All three writers knew that the heroin-addicted Huncke could be an annoying, whining gobbler-upper of their time and money, but he was too interesting to lose sight of altogether.

Except when he was in prison. As day after day passed without word from anybody, Huncke stared at the walls of his cell  and thought of his friends with furious resentment:

Once I did over four years, closer to five, and never received so much as a penny post card of greeting from my so-called friends. Man, I got so it didn’t hurt me or make me regret. Fuck them I paid my dues I went along my way—when it was all over. And when it came time to kick—I kicked on the floor—cold and alone and more dead than alive.

Despite his occasional claims to the contrary, it seemed that he never entirely forgave his prolific writer-friends who didn’t bother to write to him:

I was cut off completely from the outside world I knew. It was a funny feeling not hearing from anyone. I admit I felt very bitter when I came out, I really did.

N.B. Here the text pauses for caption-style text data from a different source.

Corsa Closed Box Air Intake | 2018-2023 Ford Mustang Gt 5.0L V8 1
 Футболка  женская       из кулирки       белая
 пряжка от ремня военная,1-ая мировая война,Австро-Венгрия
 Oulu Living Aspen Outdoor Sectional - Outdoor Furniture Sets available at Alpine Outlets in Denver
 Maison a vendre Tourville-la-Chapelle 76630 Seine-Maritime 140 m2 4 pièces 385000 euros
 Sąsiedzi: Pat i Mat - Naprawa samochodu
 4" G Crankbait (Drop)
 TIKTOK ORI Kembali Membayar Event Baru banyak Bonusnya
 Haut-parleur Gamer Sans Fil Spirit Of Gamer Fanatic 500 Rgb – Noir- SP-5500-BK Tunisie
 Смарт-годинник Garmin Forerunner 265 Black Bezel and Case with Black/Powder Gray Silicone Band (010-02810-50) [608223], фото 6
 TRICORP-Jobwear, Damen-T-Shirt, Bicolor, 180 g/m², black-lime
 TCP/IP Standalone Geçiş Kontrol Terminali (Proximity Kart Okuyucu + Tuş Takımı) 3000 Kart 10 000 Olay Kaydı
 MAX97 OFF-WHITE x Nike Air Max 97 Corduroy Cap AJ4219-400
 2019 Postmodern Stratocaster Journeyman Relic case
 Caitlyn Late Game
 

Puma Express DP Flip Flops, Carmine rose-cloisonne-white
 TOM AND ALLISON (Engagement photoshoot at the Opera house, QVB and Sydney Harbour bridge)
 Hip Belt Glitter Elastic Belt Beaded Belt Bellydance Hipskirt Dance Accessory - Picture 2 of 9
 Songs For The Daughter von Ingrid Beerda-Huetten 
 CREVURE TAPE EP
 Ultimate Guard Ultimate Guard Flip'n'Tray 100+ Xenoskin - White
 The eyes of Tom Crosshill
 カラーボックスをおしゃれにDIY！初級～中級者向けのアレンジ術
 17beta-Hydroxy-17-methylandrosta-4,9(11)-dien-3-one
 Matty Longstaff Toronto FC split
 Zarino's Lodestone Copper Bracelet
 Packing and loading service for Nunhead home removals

When Huncke was finally released from Dannemora in 1959, he walked into a literary movement well underway. Kerouac’s inspired naming of the Beat Generation owed its glistening keyword to Huncke, who so often said, “I’m beat, man, beat down to my socks.” Kerouac, Ginsberg and Burroughs had fulfilled their literary promise while Huncke was festering behind bars.

Suppressing his anger as he sought his footing in a changed world, Huncke found a place in Ginsberg’s ever-widening circle of friends. He reacquainted himself with Burroughs as well. Kerouac was more elusive, but Huncke had never felt particularly close to him anyway.

Huncke wrote about Dannemora in a harrowing story called “Cuba” and a jaggedly upbeat prose poem called “Dancing in Prison.” He continued to use heroin and other street drugs and stole TVs and other relatively small items, but he had sense enough to retire from large-scale burglary.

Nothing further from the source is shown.